• _Problem to work on_: Check each line of the material below for "about". Report how many have it, with no other words.

• _Information_:
--- --- ---

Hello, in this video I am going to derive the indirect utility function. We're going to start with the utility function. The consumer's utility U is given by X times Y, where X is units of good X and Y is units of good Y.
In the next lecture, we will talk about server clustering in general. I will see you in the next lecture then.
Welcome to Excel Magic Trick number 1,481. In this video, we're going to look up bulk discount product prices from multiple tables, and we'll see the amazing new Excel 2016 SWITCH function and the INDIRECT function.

--- --- ---

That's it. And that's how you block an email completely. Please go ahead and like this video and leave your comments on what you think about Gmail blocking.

--- --- ---

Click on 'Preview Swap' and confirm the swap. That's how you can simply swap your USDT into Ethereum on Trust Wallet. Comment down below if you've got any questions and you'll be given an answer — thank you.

--- --- ---

• _Reply to the exercise_: 2